Comments on: Why you can’t rely on a replica for disaster recovery

By: crownedgrouse

crownedgrouse — Thu, 07 Oct 2010 14:53:04 +0000

Hi,
A replication is not a backup. It is aimed to provide High availability (HA) , not disaster recovery (DR).

To be safe (the minimum !) :
1) use good harware. Mainly by doubling all devices (power, etc …).
2) use RAIDx disks on a SAN (be careful on the ‘write back’ or ‘write through’ parameter !)
3) use ZFS if possible, or at least a journalized FS.
4) use ACID compliant database (postgresql …), use internal replication feature if possible, for HA and DR (see 6)
5) snapshots can be usefull sometimes, but rarely for databases because data can be inconsistent.
Don’t snapshot database directories, except if you can tell the database that you are backuping or snapshoting the data. (Postgresql allow it : SELECT pg_start_backup(‘label’); )
ZFS allow powerfull snapshots that can be sent to another remote node…
6) do regular database dumps in a (compressed) file for snapshots and backups.

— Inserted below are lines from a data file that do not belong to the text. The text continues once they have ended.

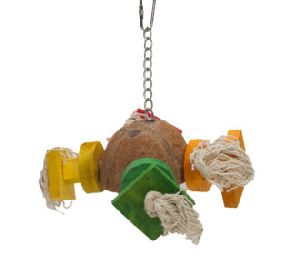 BirdSpot Coco Satellite Block Hanging Bird Toy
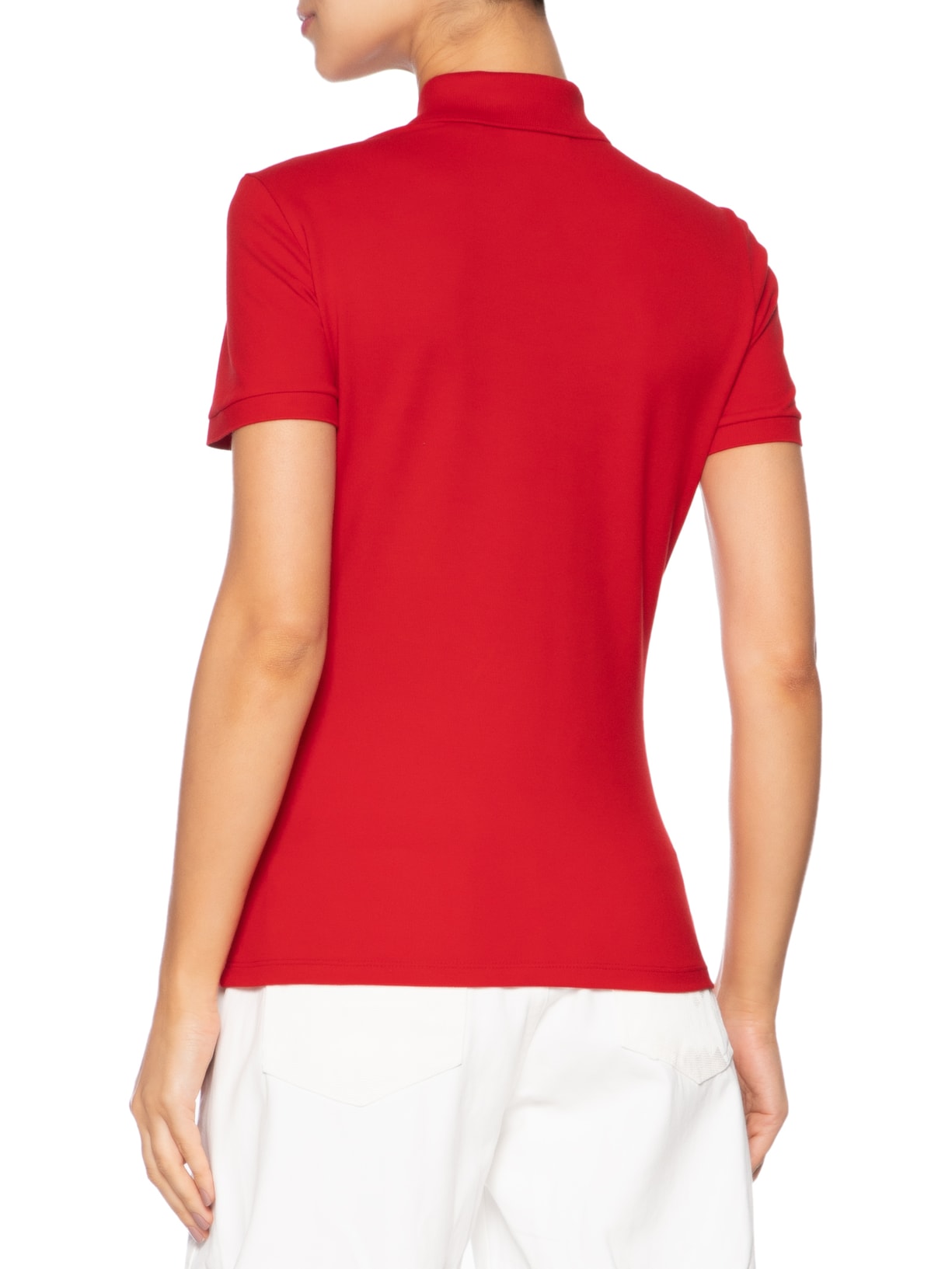 Polo Feminina Piquet Vermelho Lacoste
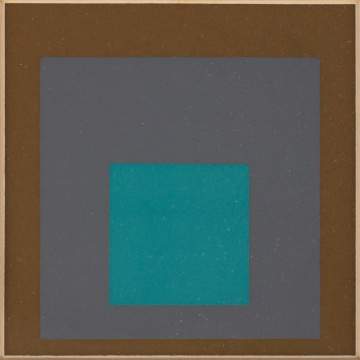 Josef Albers (American/German, 1888-1976) Homage to the Square: 1962 & Mini Edition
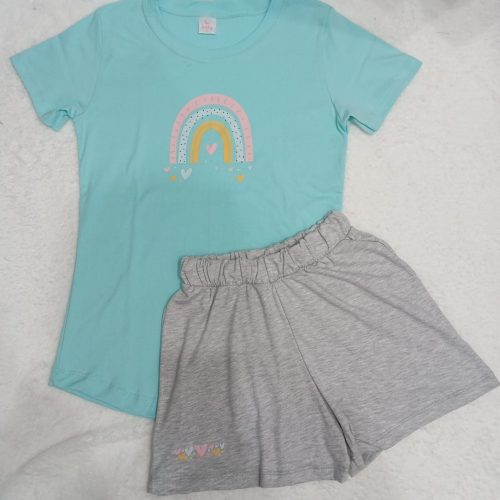 pijama Arcoiris aqua | Tutty Store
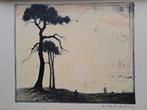 Originele zeldzame kleurenlitho perfecte staat Dirk Baksteen, Ophalen of Verzenden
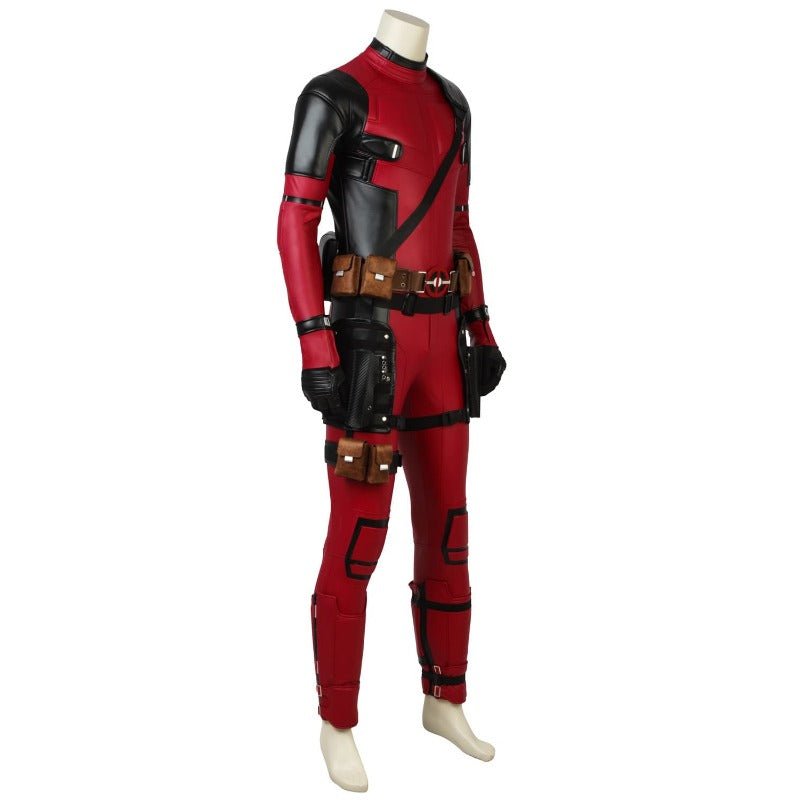 Traje de Cosplay Crimson Comediante - Disfraz de Captain Pool para Halloween y Comic-Con - Fantasia Cosera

That can be done on a replicated slave database for performance.
7) do complete and incremental backups on tapes, disks and optical disks. Protect it in fireproof vault.
8) use system versioning for system configuration (/etc/, …) and protect it (tripwire …)
9) duplicate the whole in two datacenters in two different cities, at least, or two continents if possible.
cross the backups : Datacenter A is backuped on datacenter B and the contrary.
10) test data recovery and your disaster recovery plan (imply you wrote it :>) …)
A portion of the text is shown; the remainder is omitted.